The easiest way to stop
rot
Q I fixed a
water leak and then discovered a small amount of wood rot. Is it OK to leave
the rot alone or will it spread?
R. Parsons, via
E-mail
A Once the
moisture in the wood dries, the rot-causing fungus will stop growing and will
eventually die. Eliminating the source of moisture is sufficient to stop the
rot.
A non-slip shower
base
Q I have a
fiberglass shower with a slick floor. How can I roughen the surface to make it
safer?
D. Lyon, Fort Davis,
TX
A Apply
safety tape to the shower floor. You can buy strips of this self-sticking,
non-slip material at most hardware stores. Clean the shower floor and let it
completely dry to ensure that the tape adheres. Run parallel strips spaced
about4 in. apart across the shower
floor.
Sizing an air
compressor
Q I need to
buy an air compressor for my home woodworking shop. Could you give me some
hints on the minimum airflow, power and tank capacity?
Henry Ren, via
E-mail
A While it’s
tempting to go out and buy some big plowhorse of a compressor, the fact is that
most shops can get by with a 1- to 2-hp unit. That’s because most of us only
use them to run trim nail guns and blow dust off projects. Smaller compressors
are cheaper and don’t require 240-volt circuits.
Click Image to enlarge.
But if you plan to use paint sprayers or rotary tools
like an orbital sander, then size the compressor to the tool that requires the
highest volume of air.
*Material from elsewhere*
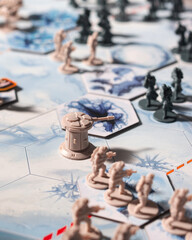 Fototapeta premium Rebel defense tower surrounded by infantry on a Battle of Hoth tabletop battlefield with dramatic lighting as Imperial forces advance across the snowy terrain in a cinematic perspective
You’ll find the specifications printed somewhere on the
tool or in the accompanying literature (yes, the booklet you tucked away
somewhere when you first unpacked the tool). Determine the tool’s working
pressure (pounds per square inch, or psi) and air usage requirements (square
cubic feet per minute, or scfm). Choose a compressor that’ll provide at least
1.2 times these specifications.
Finally, consider investing in an oil-lubricated one.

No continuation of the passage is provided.